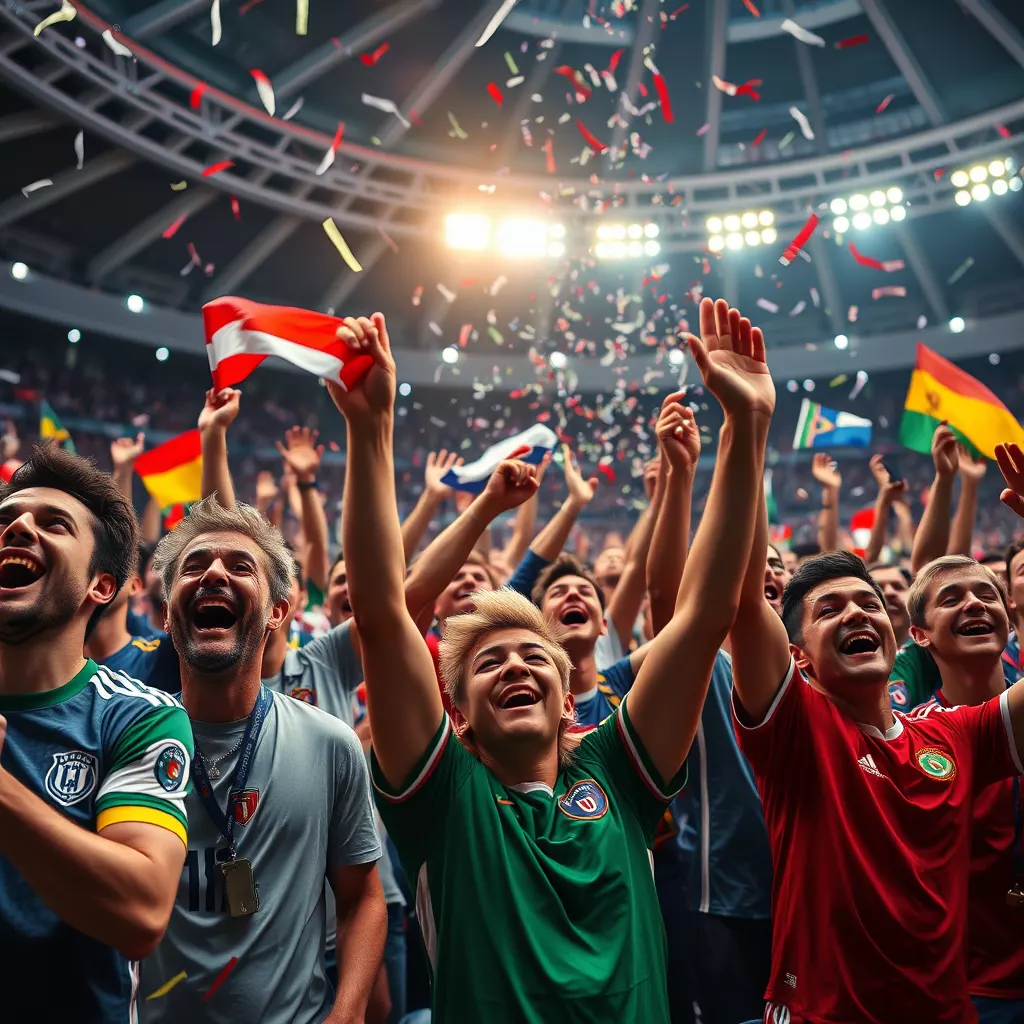 Khả năng buộc đối phương chuyền bóng ra biên ở bán kết World Cup 2026 trên SH BET — view 4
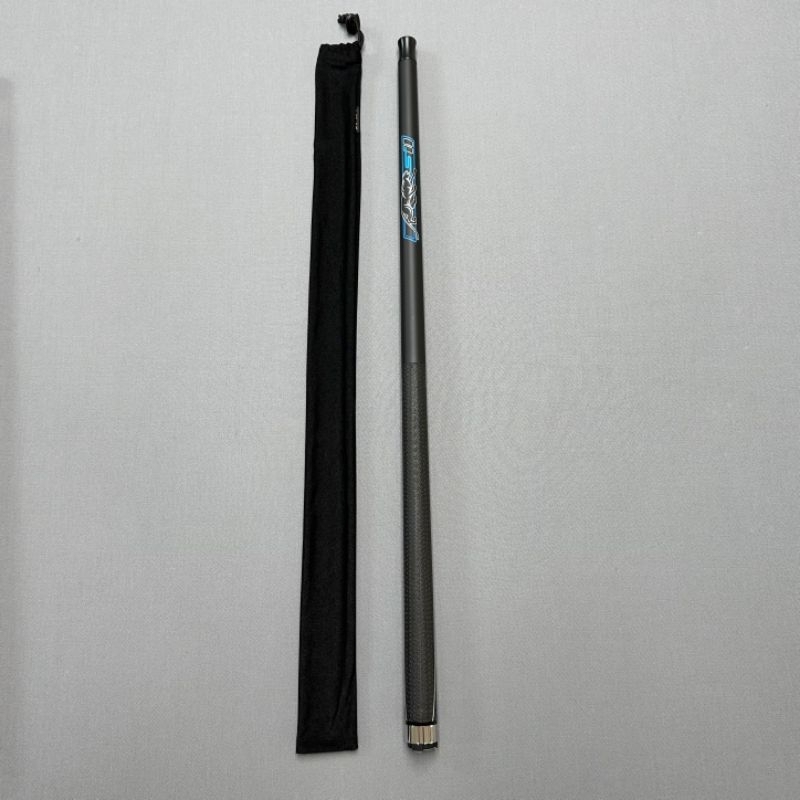 Stick Billiard Predator Sport2 AMP Sport Wrap Brand New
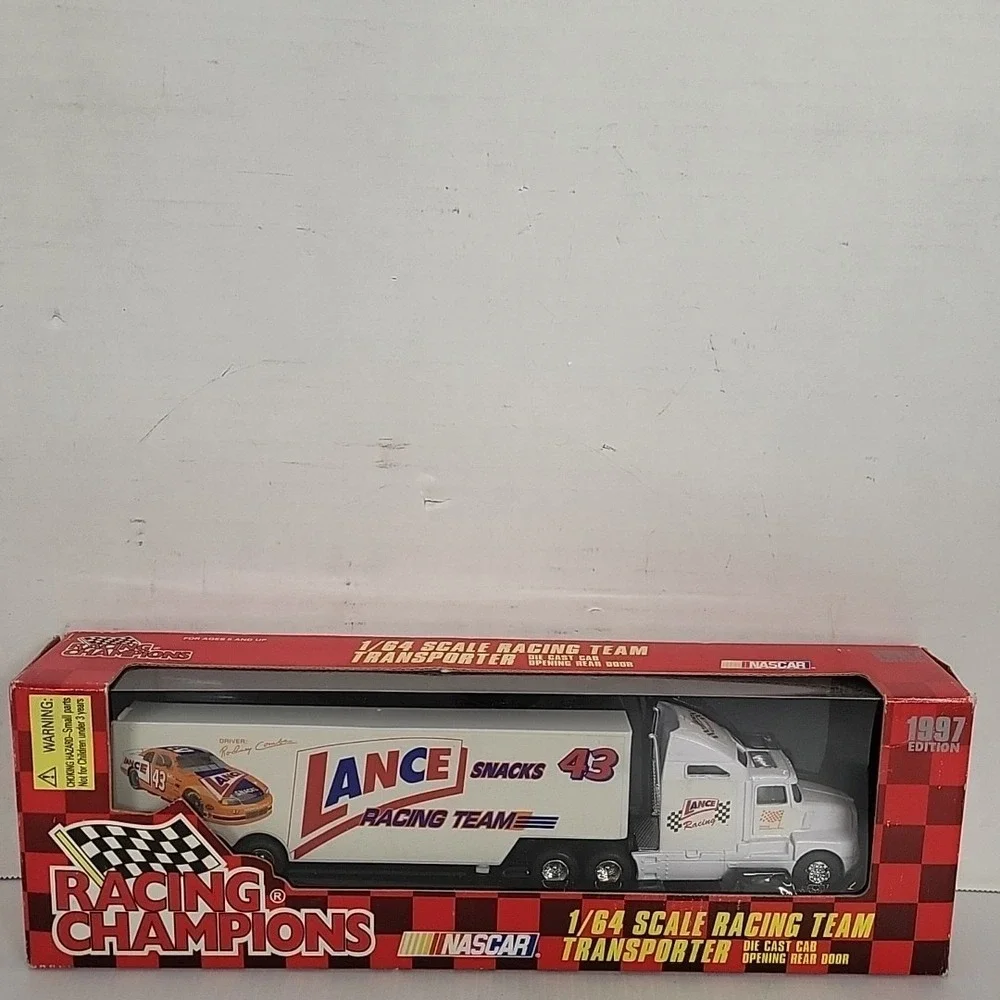 Racing Champions keywords nascar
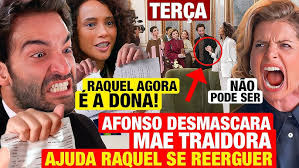 TERRA E PAIXÃO: AGATHA DESCOBRE OS DETALHES DA MORTE DE DANIEL E DESMASCARA  FARSA DE IRENE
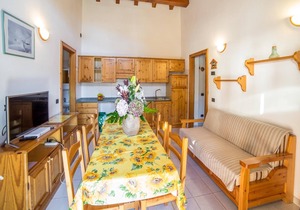 Apartment La Gran Becca - ID 529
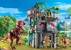 Playmobil - Lejr med T-Rex (9429) thumbnail-4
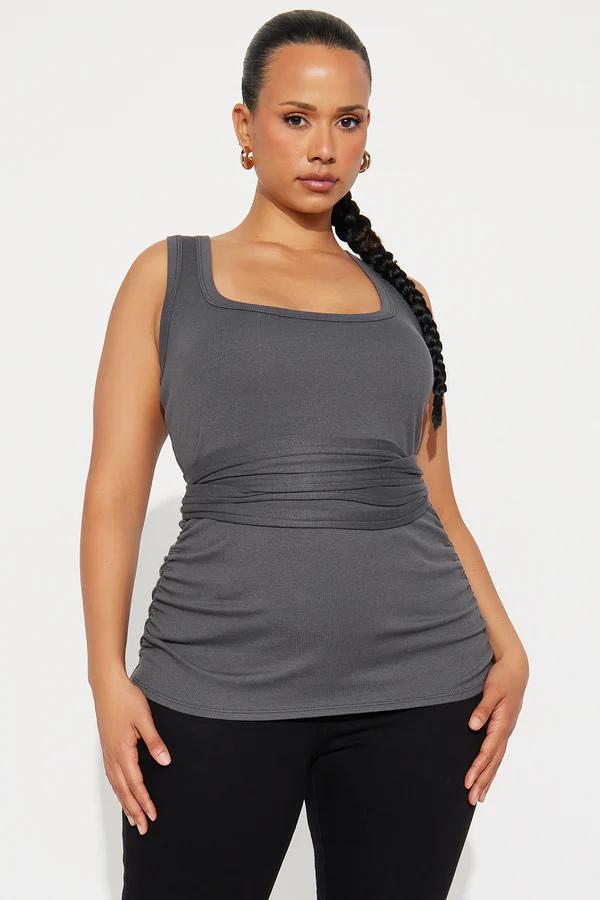 TANK TOPS collection
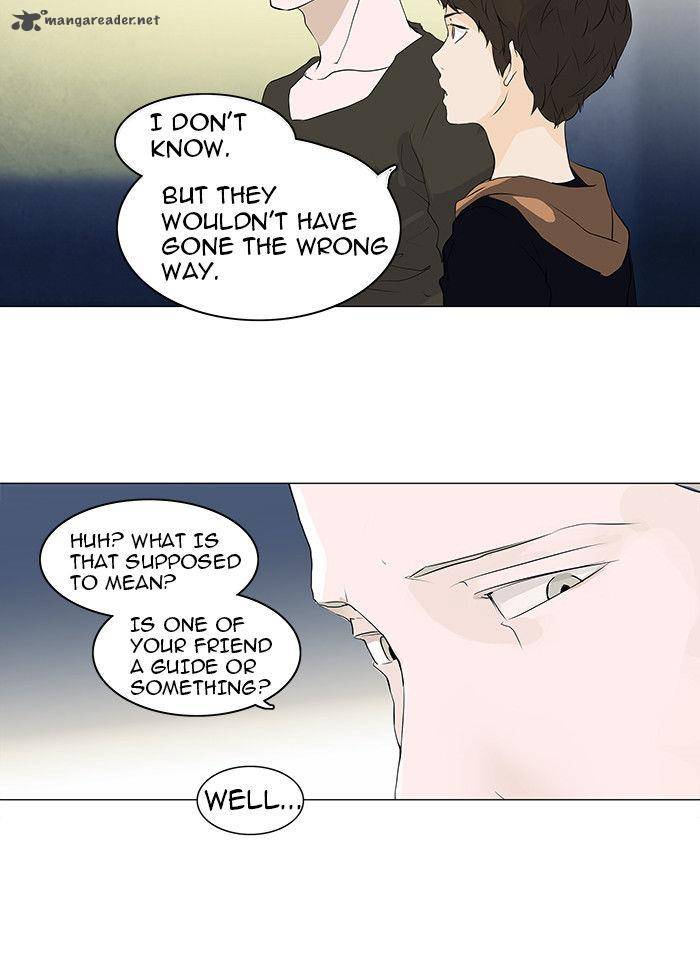 Tower of God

•••

* _WHAT IS NEEDED_:
Would you reproduce the lines above, from the very first through the line containing "Playmobil - Lejr", exactly and without the pictures?

* _RESPONSE TO THIS EXERCISE_:
 Khả năng buộc đối phương chuyền bóng ra biên ở bán kết World Cup 2026 trên SH BET — view 4
 Stick Billiard Predator Sport2 AMP Sport Wrap Brand New
 Racing Champions keywords nascar
 TERRA E PAIXÃO: AGATHA DESCOBRE OS DETALHES DA MORTE DE DANIEL E DESMASCARA  FARSA DE IRENE
 Apartment La Gran Becca - ID 529
 Playmobil - Lejr med T-Rex (9429) thumbnail-4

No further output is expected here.